The success of China, to a great extent, relies on the fact that its government, which owns the banks, prints money which it ‘lends’ to businesses with the tacit understanding that repayment will not be demanded.

As Ellen Brown has written in Truth-Out, Japan is doing this: “Japan has been cancelling its debt. How? By selling the debt to its own central bank, which returns the interest to the government. While most central banks have ended their quantitative easing programs and are planning to sell their federal securities, the Bank of Japan continues to aggressively buy its government’s debt.

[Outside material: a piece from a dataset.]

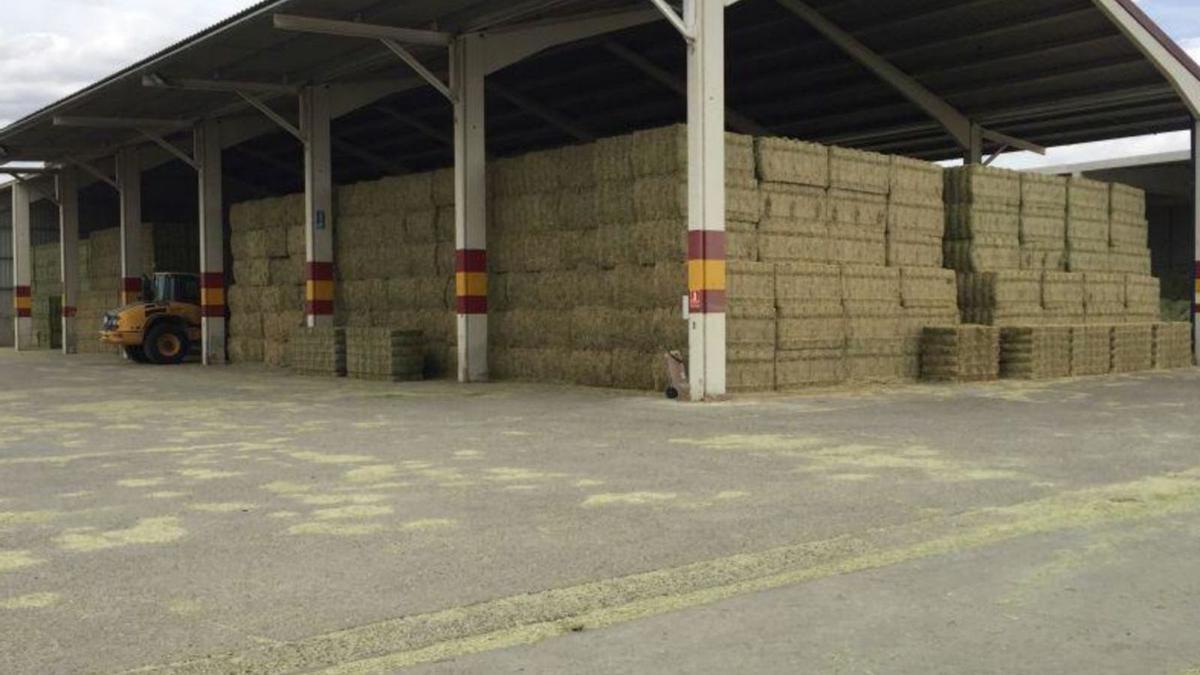 La alfalfa apilada lista para ser exportada a los principales mercados internacionales.   | SERVICIO ESPECIAL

An interest-free debt owed to oneself that is rolled over from year to year is effectively void – a debt jubilee.”

Japan has a record low inflation rate of .02%, an unemployment rate of 2.8%. The yen was up nearly 6% for the year against the dollar as of April 2017. Their GDP per working-age adult is higher than US. Joseph Stiglitz in a June 2013 article titled Japan Is a Model, Not a Cautionary Tale, wrote: “Along many dimensions – greater income equality, longer life expectancy, lower unemployment, greater investments in children’s education and health, and even greater productivity relative to the size of the labour force – Japan has done better than the United States.” The point underscored here is that large-scale digital money-printing by the central bank used to buy back the government’s debt has not inflated prices.

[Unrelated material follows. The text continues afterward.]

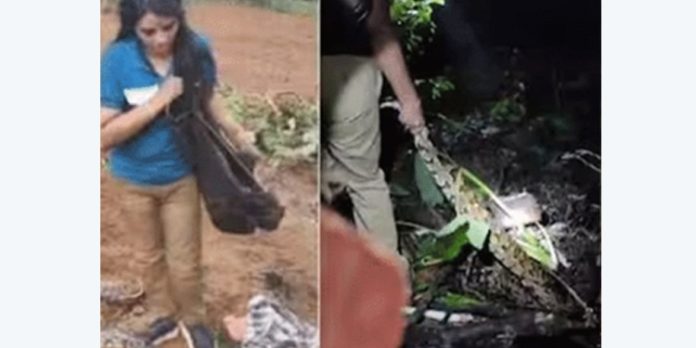 തിരുവനന്തപുരത്തെ മലയോര മേഖലയിൽ പെരുമ്പാമ്പ് ശല്യം രൂക്ഷം തിരുവനന്തപുരത്തെ മലയോര മേഖലയിൽ പെരുമ്പാമ്പ് ശല്യം രൂക്ഷം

Ancient civilizations celebrated a changing of the guard with widespread debt cancellation. It is time for a 21st century jubilee from the crippling debts of governments, which could then work on generating some debt relief for their citizens. The obvious question is, why can Western nations not do the same? Is it simply that banks, who support governments, have such powers of influence that finance is tilted in their favour.

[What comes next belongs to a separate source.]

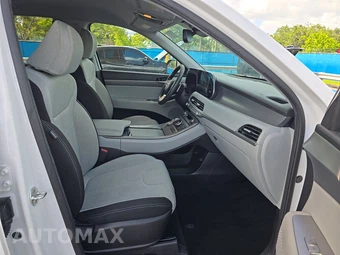 2020 Hyundai Palisade SEL - miniatura 8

Money printing must of necessity be undertaken with care otherwise a nation could follow the example of the 1930s Weimar Republic where money so lost its value that a loaf of bread could cost many hundreds of billions of marks.

The proposal here is that currency should be directly related to the Balance of Payments (BOP), i.e. the productive capacity of the nation. Britain’s BOP was nearly 6% in deficit in 2016. For many decades it has been in deficit and yet, for the reasons mentioned above, the £Stg has been so inflated that it is less attractive to manufacture in UK as compared with making in China or the East. If in the past, £Stg had fallen in direct relationship to the nation’s productive capacity, the price of manufactured goods would have remained competitive and businesses would have invested in UK industries. If printing money were carried out to an uncontrolled level, the nation would be unable to afford to import essentials such as food. This is the situation in Venezuela where inflation in for instance in 2016 was over 700%. Printing money for investment cannot be carried out indiscriminately and the establishment of a ratio between the productivity of a nation and the amount of capital growth would mean that as money was printed, the currency would be devalued. Devaluation would have the effect that inflation would rise axiomatically which would reduce imports as their costs rose. This would provide a further discipline to limit the excess printing of money.

HS2 is being built (even though its cost, upwards of £50bn, make it the most expensive rail system in the world) because politicians want grand projects in the hope that it will impress voters. Driverless cars will render it obsolete by the time it is finished.  If the same money were printed and spent over a shorter period of time on infrastructure – filling potholes, de-bottlenecking obstructions in roads, for example, it would stimulate growth.

We should manufacture money as we manufacture goods, stop treating it as a burden and use it as a lubricant to economic progress.